• **Input data**:
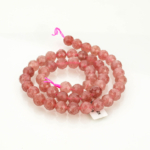 Çilek Kuvars 2A Kalite Kesimli Doğal Taş Dizi (8mm) - Görsel 3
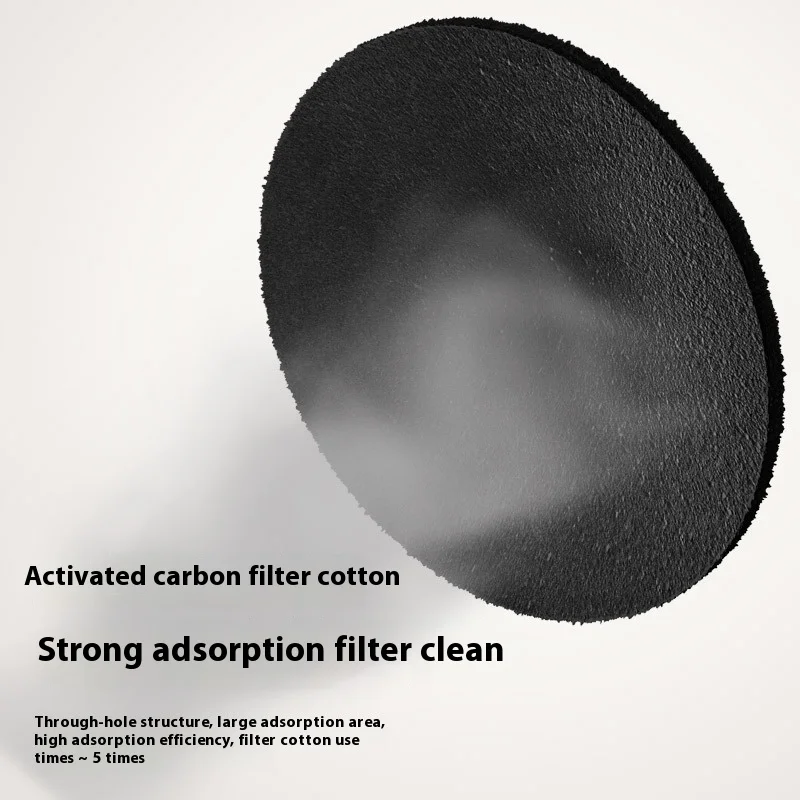 주방 데스크탑 레인지 후드용 휴대용 추출기 후드, 각도 조절 가능, USB 충전식, 실내 바베큐 냄비, 야외 캠핑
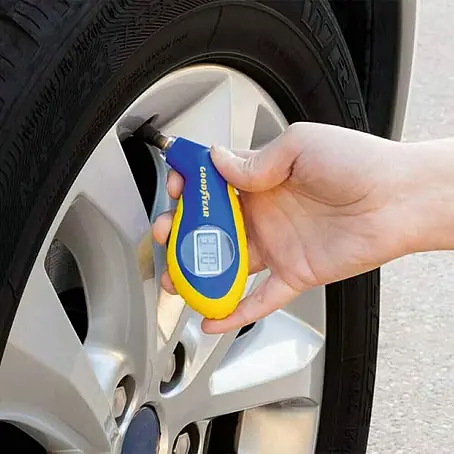 Goodyear  Manómetro de presión de aire digital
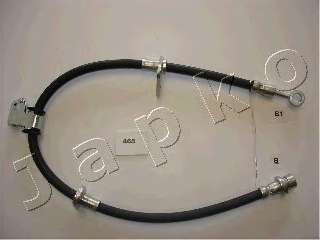 Кронштейн, тормозный шланг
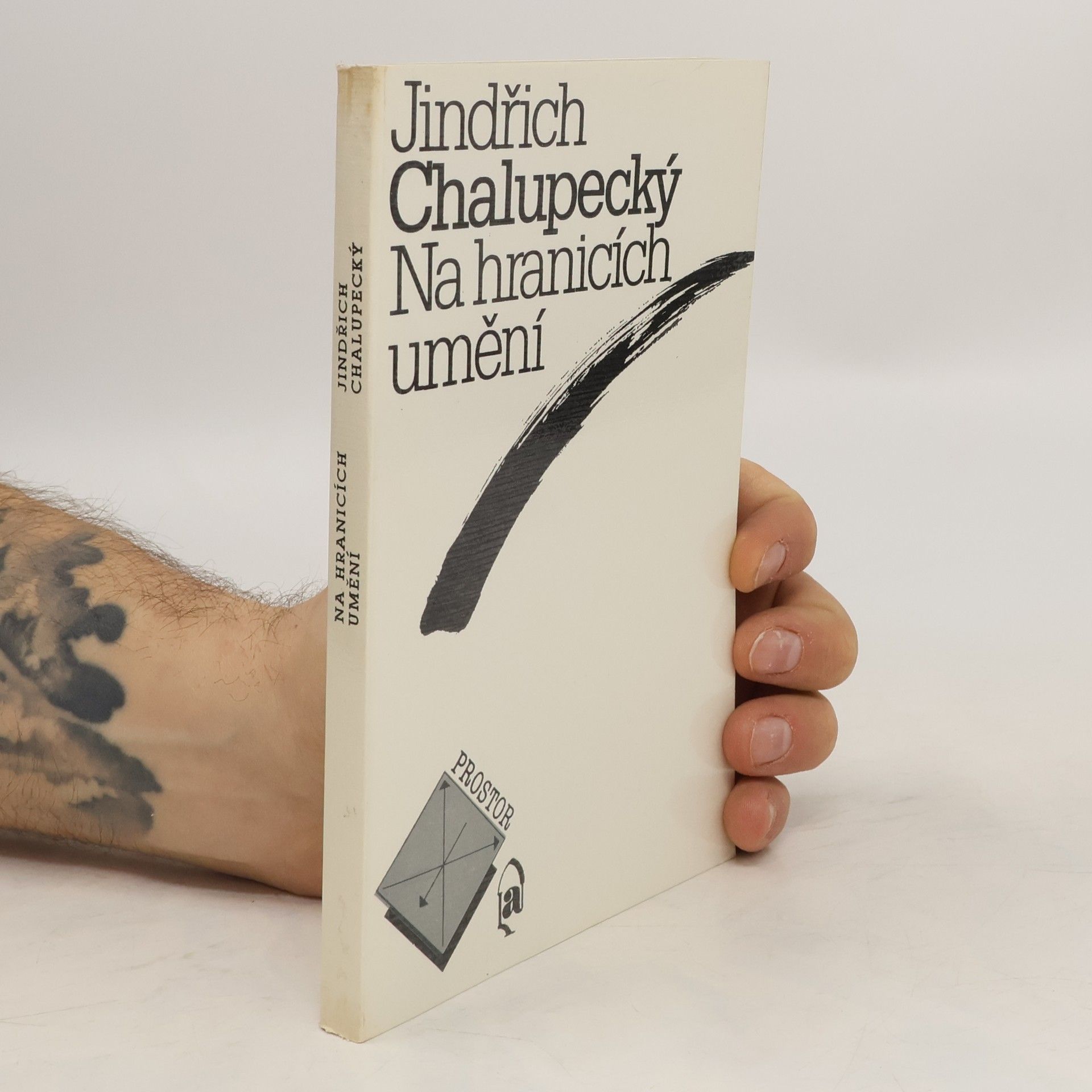 Jindřich Chalupecký Na hranicích umění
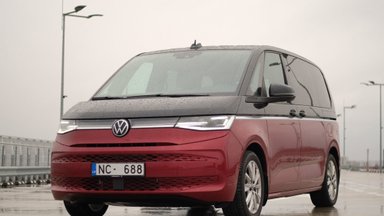 Naujo „Volkswagen Multivan“ testas: įperkamas šeimyninis rolsroisas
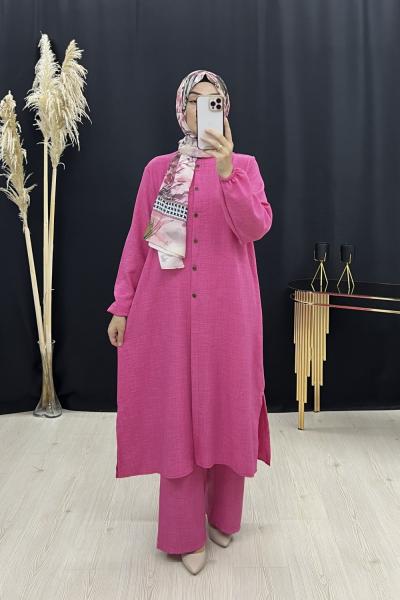 Açelya takım Pembe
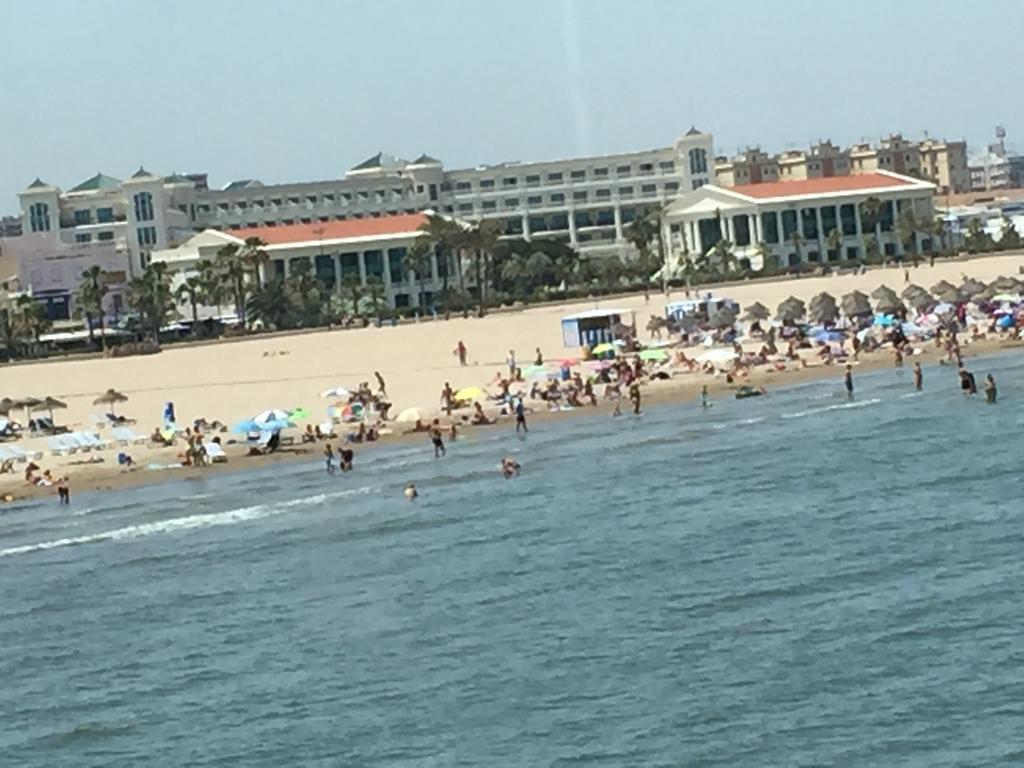 Valencia Centro Wifi Lejlighed Værelse billede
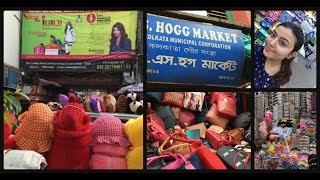 Kolkata New Market Vlog  Esplanade Street Shopping Vlog [upl. by Wistrup]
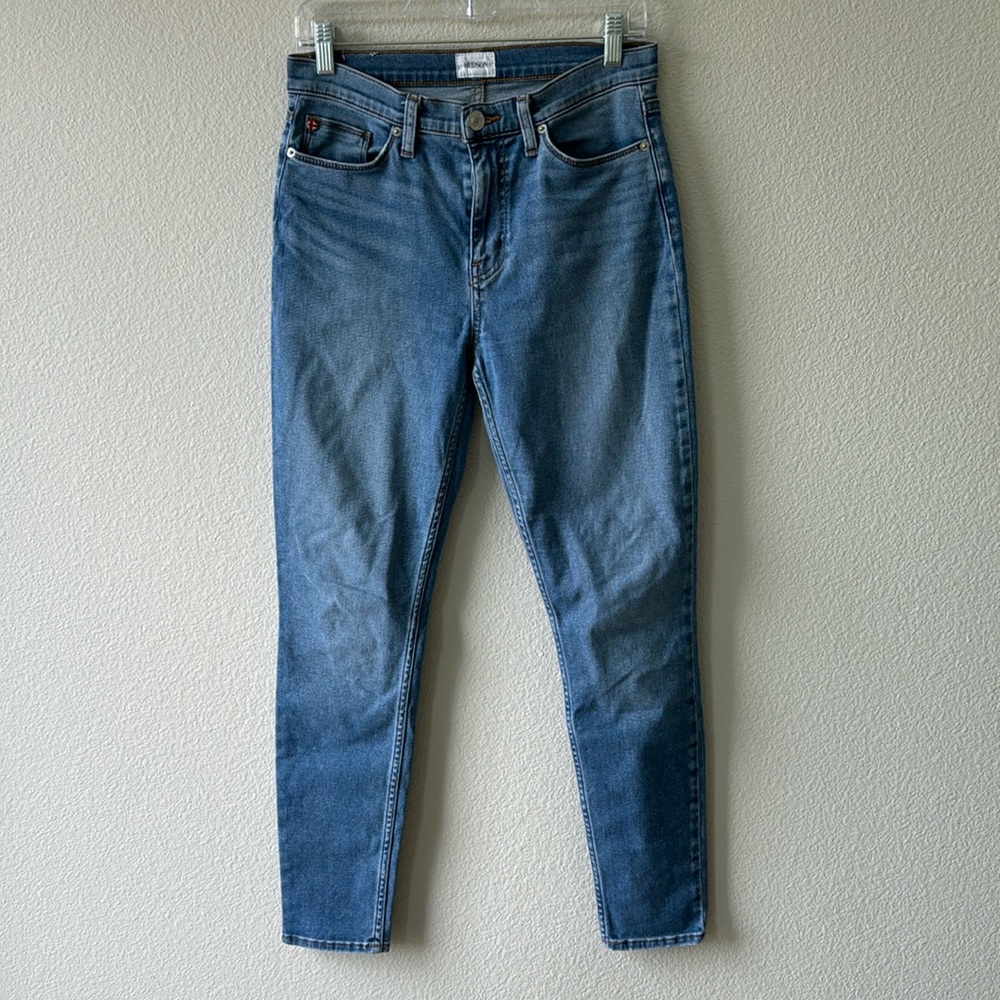 Hudson Blair High Rise Skinny Size 28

• **The problem**:
Please reproduce nothing but the lines from the one containing "Kolkata New Market" through the closing line of the listing, retyped word for word, pictures excluded.

• **Reply to the task**:
 Kolkata New Market Vlog  Esplanade Street Shopping Vlog [upl. by Wistrup]
 Hudson Blair High Rise Skinny Size 28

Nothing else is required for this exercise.